The trouble with vulnerability is that a vulnerable person is always in a position to be hurt--this truth comes to me from too much experience. Nevertheless, throughout the last seven or so months, I have aimed to become as vulnerable as I have ever been. Vulnerability doesn't just make it possible to be hurt; vulnerability makes it possible to heal. Vulnerability makes it possible to be honest. Vulnerability makes it possible to let one's ego go. Vulnerability makes it possible for Spirit to make a rich dwelling for herself in one's midst.
As a person of faith, and particularly as a Benedictine Canon, I find that many of my former desires have fallen away to make room for this one great desire: to love and serve God and my neighbor (as Jesus did, and as Spirit inspires me to do).
I can't predict the future. I don't know exactly what that love and service will look like in advance. I can't control any of it. I can only listen with the ear of my heart and respond. Vulnerability keeps my own voice from overtaking God's.
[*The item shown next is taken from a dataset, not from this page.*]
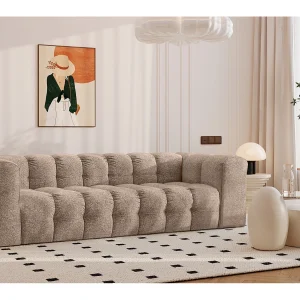 4-zitsbank, comfortbank BALOO, stof Schenille & Bouclé, donkerbeige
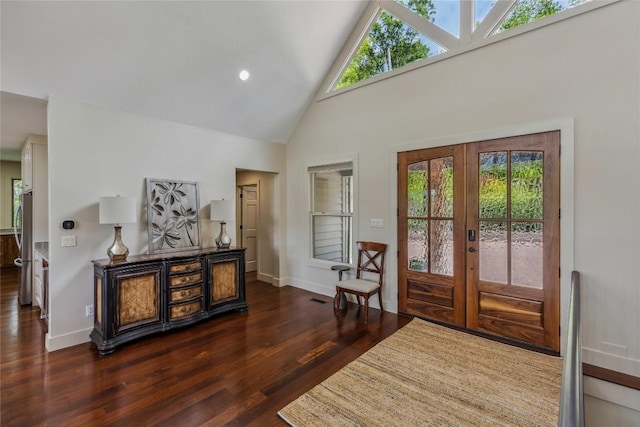 451 Country Club Dr, Highlands, NC 28741 - foyer featuring french doors, plenty of natural light, high vaulted ceiling, dark wood-style flooring, and recessed lighting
Vulnerability makes the impossible possible.
Total vulnerability means that, no matter how my ego may feel about it, my whole heart is in God's hands, for better or worse.
Will I keep faith when I am thrown into the pit and later sold into slavery like Joseph? Will I keep faith when my family and my life are destroyed like Job's? Will I keep faith when I'm asked to stand up to Pharaoh like Moses? Will I keep faith when I meet my dead Lord in the garden like Mary? Will I keep faith when I realize that my role is to decrease like John? In what difficult and extraordinary situations will I find myself saying to God, "Here I am, I have come to do your will"?
And when I find myself as Pharaoh's most trusted advisor like Joseph, and when I find myself radically trusting God despite all my loss like Job, and when I perform unforeseen wonders through God's power like Moses, and when I run off to proclaim that God lives like Mary, and when I proclaim the one I love to be greater than I am like John, will my life's purpose find its completion and unbridled joy in God saying to me, "Well done, good and faithful servant"?